First, I created a shape called btSphericalTerrainShape which inherits from btConcaveShape. It takes 3 parameters to setup: The center point of the terrain, the radius of the terrain (including the maximum offset of the terrain) which is used for the bounding box, and a function pointer that points to a function that defines the terrain's equation.

btSphericalTerrainShape(const btVector3& center, btScalar radius, btVector3 (*calcVertex)(const btVector3& position, const btVector3& center));

The function pointer passes along 2 parameters: the current point being evaluated (usually one of the corners of the other object's bounding box), and the center point of the terrain. This allows the terrain to be defined by practically any method desired.

For example, if you wanted to define the terrain as a simple sphere with a radius of 50, you would use the following method:

btVector3 calculateTerrainVertex(const btVector3& position, const btVector3& center)

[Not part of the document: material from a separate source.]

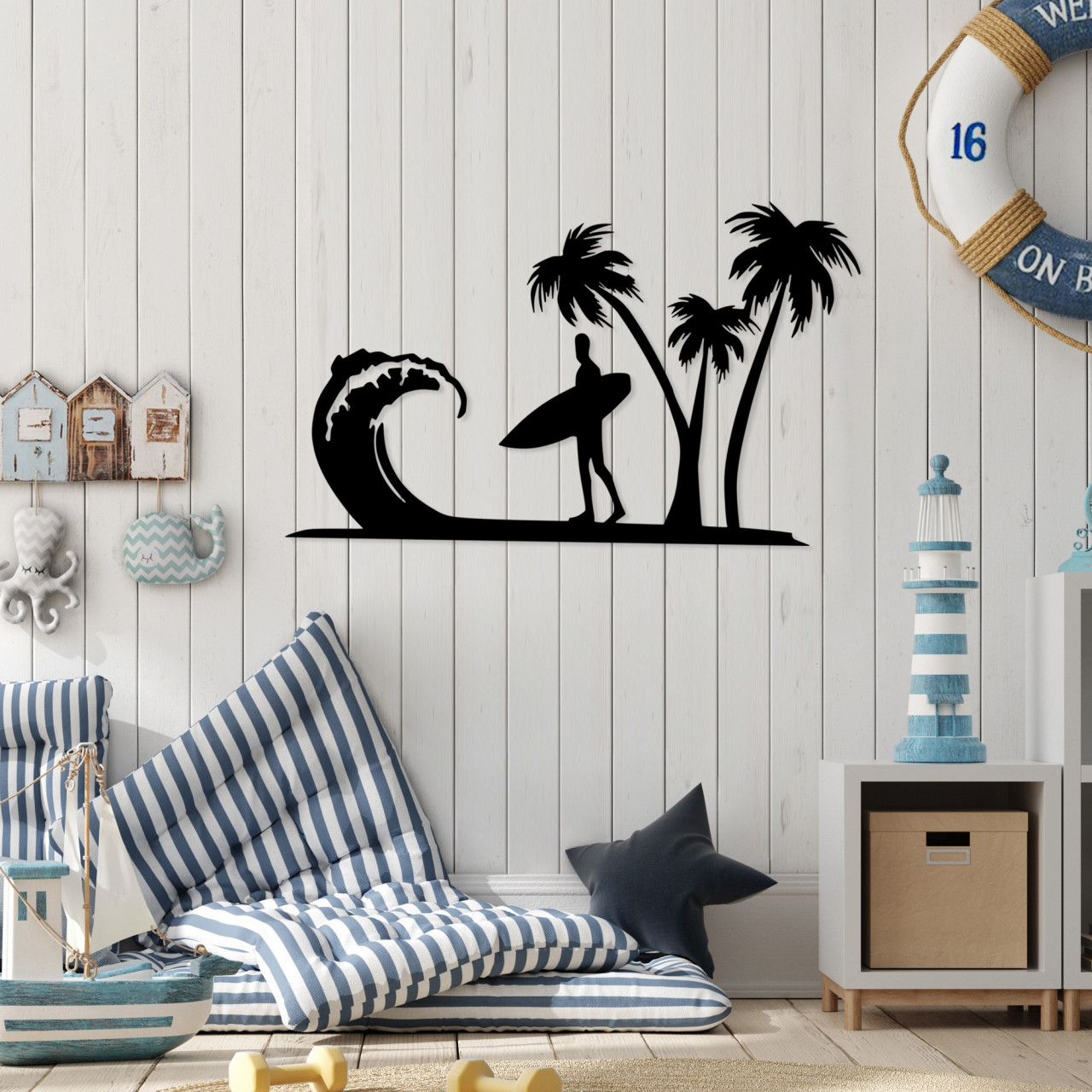 Accesoriu decorativ de perete metalic Surfer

    return (position - center).normalized() * 50.0f;

If you wanted to define the terrain as a sphere with a radius of 50 that was offset by 8 octaves of Perlin Noise, you would use this method:

btVector3 calculateTerrainVertex(const btVector3& position, const btVector3& center)

    btVector3 normalized = (position - center).normalized();

    double result = PerlinNoise::fBm(normalized.x(), normalized.y(), normalized.z(), 8);

    return normalized * btScalar(50.0f + result * 10.0);

Now, for the details on the ProcessAllTriangles() method. It takes an axis aligned bounding box (AABB) for the other shape being tested and a callback that is called for each triangle that collides with that bounding box.

These are the steps done in the method:

1) Calculate the 8 corners of the AABB
2) Calculate the midpoint of each of the 6 sides of the AABB
3) Calculate the position of the vertex on the terrain by calling the calculateTerrainVertex function pointer
4) Determine which of the corners of the AABB are colliding with the terrain by checking if the bounding box corners are closer to the center point than the respective terrain vertices
5) Find which 3 sides of the AABB are closest to the terrain in order to prevent extraneous triangle processing
6) Use the callback to process each triangle that collides

For the actual implementation details, be sure to download the source code for the btSphericalTerrainShape.

btSphericalTerrainShape.h
btSphericalTerrainShape.cpp

Thursday, April 8, 2010

Sobel Filter Compute Shader

Thanks to Josh Petrie, I now have the Compute Shader working with the swap chain backbuffer. I decided a good first test is to use a Compute Shader to run a Sobel Filter on an image and display the result in the backbuffer.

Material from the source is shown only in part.